My lashes are straight and they always seem to resist curlers, i learned i have to apply heat to my lashes first.  I bought the panaonic (i know panasonic??) eye lash heat curler then i curl them using an eyelash curler.


----------



## MizzTropical (Nov 14, 2009)

I would try a good waterproof curling mascara and a primer! Curl your lashes, prime them, and then apply the mascara. Don't curl them afterwards, that always creates a very unnatural look and will ruin the soft pretty curl that you should already have.


----------



## Dreamergirl3 (Nov 14, 2009)

Ditto on trying a waterproof formulation. My lashes did the same thing no matter what mascara I used...if it wasn't waterproof, my lashes would fall right back down and be straight again.

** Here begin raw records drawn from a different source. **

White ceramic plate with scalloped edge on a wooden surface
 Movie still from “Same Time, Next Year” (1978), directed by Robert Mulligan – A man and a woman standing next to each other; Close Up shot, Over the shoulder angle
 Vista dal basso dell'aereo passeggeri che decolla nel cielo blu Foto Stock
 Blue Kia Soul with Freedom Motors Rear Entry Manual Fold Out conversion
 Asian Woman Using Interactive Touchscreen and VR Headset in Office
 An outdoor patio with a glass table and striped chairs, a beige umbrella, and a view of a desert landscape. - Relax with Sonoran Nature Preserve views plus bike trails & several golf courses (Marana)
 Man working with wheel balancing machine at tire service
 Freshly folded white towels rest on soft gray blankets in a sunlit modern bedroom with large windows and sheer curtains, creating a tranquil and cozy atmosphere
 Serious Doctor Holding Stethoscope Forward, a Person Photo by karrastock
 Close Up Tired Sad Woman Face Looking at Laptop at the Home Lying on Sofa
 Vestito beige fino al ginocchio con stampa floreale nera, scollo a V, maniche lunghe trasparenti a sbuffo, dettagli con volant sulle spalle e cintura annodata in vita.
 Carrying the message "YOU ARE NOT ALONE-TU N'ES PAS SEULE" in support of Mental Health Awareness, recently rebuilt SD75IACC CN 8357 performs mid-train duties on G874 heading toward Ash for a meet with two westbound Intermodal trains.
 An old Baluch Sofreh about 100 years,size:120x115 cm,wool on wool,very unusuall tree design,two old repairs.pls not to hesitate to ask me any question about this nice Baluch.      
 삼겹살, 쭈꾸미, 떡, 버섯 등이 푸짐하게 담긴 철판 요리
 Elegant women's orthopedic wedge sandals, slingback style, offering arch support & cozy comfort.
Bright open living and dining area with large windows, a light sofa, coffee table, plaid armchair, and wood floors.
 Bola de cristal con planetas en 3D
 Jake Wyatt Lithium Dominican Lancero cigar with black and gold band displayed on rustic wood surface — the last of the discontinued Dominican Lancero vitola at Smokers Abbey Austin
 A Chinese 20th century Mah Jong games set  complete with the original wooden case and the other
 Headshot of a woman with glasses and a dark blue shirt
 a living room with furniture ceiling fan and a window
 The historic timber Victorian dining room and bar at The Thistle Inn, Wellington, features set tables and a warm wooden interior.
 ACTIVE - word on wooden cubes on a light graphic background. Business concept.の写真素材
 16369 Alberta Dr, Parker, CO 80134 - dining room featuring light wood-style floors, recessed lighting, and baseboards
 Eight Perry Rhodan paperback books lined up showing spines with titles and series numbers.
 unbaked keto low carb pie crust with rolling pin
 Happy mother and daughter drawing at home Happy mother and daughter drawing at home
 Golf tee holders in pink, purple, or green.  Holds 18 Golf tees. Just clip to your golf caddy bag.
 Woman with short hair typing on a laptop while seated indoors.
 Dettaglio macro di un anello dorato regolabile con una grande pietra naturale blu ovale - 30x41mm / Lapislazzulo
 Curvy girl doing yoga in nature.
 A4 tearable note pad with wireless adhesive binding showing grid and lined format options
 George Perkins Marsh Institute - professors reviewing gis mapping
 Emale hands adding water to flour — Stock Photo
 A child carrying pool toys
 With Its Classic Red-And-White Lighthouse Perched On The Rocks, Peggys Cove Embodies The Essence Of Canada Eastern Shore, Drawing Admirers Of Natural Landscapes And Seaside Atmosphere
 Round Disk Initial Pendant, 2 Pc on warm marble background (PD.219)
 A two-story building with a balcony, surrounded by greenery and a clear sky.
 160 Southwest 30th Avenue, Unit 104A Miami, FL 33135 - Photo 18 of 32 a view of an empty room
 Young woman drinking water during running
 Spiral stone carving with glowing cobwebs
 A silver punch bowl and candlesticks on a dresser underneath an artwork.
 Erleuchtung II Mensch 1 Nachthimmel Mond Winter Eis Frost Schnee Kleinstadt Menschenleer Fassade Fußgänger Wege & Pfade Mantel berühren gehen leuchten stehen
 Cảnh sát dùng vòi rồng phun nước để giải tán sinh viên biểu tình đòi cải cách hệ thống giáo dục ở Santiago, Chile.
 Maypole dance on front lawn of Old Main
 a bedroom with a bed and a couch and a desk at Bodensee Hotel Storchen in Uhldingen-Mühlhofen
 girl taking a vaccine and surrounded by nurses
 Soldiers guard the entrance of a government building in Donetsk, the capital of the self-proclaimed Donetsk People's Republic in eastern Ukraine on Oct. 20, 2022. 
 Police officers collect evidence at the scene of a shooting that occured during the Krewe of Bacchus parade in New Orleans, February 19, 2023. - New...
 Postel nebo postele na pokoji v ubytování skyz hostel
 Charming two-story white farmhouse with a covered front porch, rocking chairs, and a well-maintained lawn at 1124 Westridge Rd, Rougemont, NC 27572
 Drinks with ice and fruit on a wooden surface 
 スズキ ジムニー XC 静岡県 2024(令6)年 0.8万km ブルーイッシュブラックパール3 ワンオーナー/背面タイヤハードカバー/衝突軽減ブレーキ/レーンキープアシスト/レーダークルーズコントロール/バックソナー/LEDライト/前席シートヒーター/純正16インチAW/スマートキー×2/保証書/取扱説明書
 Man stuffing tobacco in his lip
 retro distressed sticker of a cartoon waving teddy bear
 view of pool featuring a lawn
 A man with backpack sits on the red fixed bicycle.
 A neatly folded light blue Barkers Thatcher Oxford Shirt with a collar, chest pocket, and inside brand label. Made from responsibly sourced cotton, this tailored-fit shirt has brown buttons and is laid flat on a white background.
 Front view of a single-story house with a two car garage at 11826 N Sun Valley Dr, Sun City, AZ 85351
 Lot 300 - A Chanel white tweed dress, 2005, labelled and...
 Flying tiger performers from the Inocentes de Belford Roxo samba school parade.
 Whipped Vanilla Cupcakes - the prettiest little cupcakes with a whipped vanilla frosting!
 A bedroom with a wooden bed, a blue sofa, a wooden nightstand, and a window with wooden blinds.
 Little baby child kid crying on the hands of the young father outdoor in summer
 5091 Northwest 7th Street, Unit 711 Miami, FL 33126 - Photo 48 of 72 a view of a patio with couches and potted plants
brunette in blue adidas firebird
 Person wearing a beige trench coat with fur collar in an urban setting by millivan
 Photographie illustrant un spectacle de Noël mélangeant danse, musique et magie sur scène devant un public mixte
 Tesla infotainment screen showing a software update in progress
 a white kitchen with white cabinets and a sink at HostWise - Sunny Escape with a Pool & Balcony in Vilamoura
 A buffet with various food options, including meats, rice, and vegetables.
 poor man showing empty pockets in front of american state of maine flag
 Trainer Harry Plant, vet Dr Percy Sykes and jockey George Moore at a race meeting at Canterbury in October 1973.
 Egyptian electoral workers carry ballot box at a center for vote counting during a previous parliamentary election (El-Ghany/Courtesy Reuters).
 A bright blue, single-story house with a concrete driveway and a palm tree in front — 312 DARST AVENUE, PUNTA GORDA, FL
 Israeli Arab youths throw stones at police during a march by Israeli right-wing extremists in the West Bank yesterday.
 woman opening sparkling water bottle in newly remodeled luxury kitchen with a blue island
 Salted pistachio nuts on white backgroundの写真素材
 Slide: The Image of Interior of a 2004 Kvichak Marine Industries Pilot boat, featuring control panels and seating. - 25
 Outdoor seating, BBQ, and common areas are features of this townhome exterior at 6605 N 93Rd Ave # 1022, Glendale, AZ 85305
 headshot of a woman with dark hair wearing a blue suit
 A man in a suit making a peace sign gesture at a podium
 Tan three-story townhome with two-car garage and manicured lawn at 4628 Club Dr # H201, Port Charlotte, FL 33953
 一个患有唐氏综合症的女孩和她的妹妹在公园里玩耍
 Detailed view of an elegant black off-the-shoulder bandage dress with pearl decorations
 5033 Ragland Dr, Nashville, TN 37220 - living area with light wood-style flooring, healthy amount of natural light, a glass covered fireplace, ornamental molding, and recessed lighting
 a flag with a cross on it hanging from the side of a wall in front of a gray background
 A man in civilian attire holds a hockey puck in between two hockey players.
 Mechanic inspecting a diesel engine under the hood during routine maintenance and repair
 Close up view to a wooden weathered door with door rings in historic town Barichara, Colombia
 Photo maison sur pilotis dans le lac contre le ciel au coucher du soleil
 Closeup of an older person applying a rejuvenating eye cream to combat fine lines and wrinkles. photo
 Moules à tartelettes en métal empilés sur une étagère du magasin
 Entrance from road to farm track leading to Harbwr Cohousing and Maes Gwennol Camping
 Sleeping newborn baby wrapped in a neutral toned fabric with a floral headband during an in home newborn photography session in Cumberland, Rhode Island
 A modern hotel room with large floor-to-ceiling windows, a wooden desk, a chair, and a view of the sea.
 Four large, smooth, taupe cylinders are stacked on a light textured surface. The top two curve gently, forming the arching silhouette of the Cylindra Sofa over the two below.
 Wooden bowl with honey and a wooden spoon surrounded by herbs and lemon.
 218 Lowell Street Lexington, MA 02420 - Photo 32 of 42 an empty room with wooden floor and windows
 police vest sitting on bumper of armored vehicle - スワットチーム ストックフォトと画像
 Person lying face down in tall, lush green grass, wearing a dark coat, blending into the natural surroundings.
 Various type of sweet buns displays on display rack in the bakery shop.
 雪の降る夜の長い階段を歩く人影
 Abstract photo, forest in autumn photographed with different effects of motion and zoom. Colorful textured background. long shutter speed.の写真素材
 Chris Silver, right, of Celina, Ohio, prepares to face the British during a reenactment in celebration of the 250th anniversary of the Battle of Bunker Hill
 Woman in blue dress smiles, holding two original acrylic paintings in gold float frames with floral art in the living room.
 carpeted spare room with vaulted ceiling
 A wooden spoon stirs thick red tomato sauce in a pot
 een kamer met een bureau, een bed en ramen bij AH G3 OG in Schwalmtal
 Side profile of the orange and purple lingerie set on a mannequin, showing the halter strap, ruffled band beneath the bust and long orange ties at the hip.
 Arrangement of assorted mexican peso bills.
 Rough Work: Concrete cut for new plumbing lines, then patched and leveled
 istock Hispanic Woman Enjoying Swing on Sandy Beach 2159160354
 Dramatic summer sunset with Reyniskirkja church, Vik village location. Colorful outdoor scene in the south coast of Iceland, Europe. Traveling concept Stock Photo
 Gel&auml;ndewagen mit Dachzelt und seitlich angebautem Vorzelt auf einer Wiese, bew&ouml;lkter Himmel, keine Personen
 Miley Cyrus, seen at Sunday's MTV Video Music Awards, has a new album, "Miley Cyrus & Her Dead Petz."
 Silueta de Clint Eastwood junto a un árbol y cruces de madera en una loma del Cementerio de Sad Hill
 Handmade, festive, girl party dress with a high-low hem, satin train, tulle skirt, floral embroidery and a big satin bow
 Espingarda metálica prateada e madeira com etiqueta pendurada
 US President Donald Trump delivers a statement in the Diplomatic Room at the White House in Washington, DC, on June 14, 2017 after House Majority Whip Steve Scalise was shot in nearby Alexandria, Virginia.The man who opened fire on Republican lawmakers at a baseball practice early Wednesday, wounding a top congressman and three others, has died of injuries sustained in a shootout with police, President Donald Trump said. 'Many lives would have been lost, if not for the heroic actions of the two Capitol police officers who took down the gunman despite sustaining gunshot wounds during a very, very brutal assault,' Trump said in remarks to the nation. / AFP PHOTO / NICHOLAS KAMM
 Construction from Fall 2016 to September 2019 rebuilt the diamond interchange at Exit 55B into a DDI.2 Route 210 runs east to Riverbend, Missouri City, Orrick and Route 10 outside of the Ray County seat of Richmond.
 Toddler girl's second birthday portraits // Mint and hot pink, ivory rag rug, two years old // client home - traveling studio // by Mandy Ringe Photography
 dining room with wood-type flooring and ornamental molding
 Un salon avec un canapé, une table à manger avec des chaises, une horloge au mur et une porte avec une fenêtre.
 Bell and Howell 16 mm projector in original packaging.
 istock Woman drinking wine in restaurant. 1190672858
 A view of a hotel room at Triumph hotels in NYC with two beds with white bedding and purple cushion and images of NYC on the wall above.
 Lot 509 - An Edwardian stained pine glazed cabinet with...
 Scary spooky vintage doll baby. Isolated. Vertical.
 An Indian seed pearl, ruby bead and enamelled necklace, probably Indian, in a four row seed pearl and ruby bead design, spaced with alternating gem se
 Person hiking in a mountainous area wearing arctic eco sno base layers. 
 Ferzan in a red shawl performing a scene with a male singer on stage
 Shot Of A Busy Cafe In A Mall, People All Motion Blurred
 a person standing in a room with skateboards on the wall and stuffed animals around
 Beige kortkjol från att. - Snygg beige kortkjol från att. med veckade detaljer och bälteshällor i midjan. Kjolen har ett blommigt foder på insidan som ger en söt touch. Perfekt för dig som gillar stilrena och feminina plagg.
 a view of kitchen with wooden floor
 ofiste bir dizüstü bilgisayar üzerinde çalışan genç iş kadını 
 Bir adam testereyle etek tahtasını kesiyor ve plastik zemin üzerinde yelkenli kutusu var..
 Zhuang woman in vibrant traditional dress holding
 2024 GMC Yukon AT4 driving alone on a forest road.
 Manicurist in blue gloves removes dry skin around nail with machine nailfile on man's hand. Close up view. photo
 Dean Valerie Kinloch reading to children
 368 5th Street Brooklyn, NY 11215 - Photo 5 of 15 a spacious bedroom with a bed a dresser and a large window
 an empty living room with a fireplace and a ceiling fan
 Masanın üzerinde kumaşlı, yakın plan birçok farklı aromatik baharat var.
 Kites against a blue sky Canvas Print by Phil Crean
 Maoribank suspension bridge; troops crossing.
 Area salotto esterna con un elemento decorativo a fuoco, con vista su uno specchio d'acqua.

It also helps to 'walk' the curler up your lashes. Curl at the base, unclamp and move up a tiny bit and clamp again. I usually end up curling my lashes in about 4 different places from lash line to the tips.


----------



## Odette (Nov 14, 2009)

Try putting a very light coating of mascara on first (wipe some off on a tissue first if needed) and let it dry a little bit, but not completely dry, then try curling you lashes and applying more coats of mascara. The light coat is basically acting like a holding spray.


----------



## LatteQueen (Nov 15, 2009)

I have the same problem..no matter what lash curler I use..the lashes just fall flat...I have to curl my lashes after I apply my mascara..But don't curl if u use any mascara with fibers in it...dayum talk about lashes sticking to the curler and trying to ply off...not a good feeling there...


----------



## LatteQueen (Nov 15, 2009)

is this new mascara of YSL really good...


----------



## Zephyra (Nov 17, 2009)

With some mascara formulas, I've had luck using the curler (and walking it down the lash to the tips a bunch of times to get a serious, full-barrel curl going), then applying mascara first to the base of the lash only and letting it dry, re-curling the bare ends if needed, then applying mascara to the full length of the lash in a thinner, faster coat.  That seems to help to build a little volume without making the whole length of the lash too heavy to hold a curl.  But it seriously seems to depend on the formula--some mascaras (gel formulas in particular?) seem to do better if a thin coat is applied quickly to the whole lash.  It's worth experimenting.  I have long, thin, stick-straight blonde lashes that angle down if I don't intervene extensively.  I've been considering trying one of the heated lash curlers--I hear those work well, but I'm intimidated.  I try to get out of needing to use waterproof mascaras as I've had trouble with removing them/having the stronger makeup removers irritate my skin.  I also find that using any sort of primer seems to remove all chances of having curled lashes since I can get about one full coat of anything on before they uncurl, so I have been trying to improve my skills with false lash application after using a thin coat of thin gel mascara.  Let us know if you find some good techniques!


----------



## LMD84 (Nov 17, 2009)

honestly i don't use eyelash curlers for the reason you've given! my lashes go flat pretty quickly! and i have tried cheap curlers and more expencive curlers before - nothing helped so i have given up.


----------



## henrieta (Nov 17, 2009)

i would second the waterproof mascara. I realised that if i use normal one (even curling one), my eyelashes get flat straight after applying it, but if i use waterproof they stay curled and wouldnt even budge. (
	

	
	
		
		

		
		
	


	




 they stay curled even after taking off my make up in the evening)


----------



## livingdeadbella (Dec 1, 2009)

i have the same problem. what helps me is thickening my mascara (waterproof). when its brand new its normally thin and this is when it straightens my lashes. I just leave the cap off of it for a bit i find this thickens it a bit and its easier to use. keeps your lashes curled.


----------



## AshleyTatton (Dec 1, 2009)

I curl before and after applying mascara, at first it looks like an un natural bend but quickly turns into a curl as the morning goes on. Otherwise my eyelashes would be so stick straight you wouldnt be able to see them.


----------



## kittykit (Dec 2, 2009)

Quote:

   Originally Posted by *Dreamergirl3* 

 
_It also helps to 'walk' the curler up your lashes. Curl at the base, unclamp and move up a tiny bit and clamp again. I usually end up curling my lashes in about 4 different places from lash line to the tips._

 
My lashes are long and so straight. That's how I curl my lashes too. I twist the mascara from the root to the tip and repeat this a few times until it holds the curl. 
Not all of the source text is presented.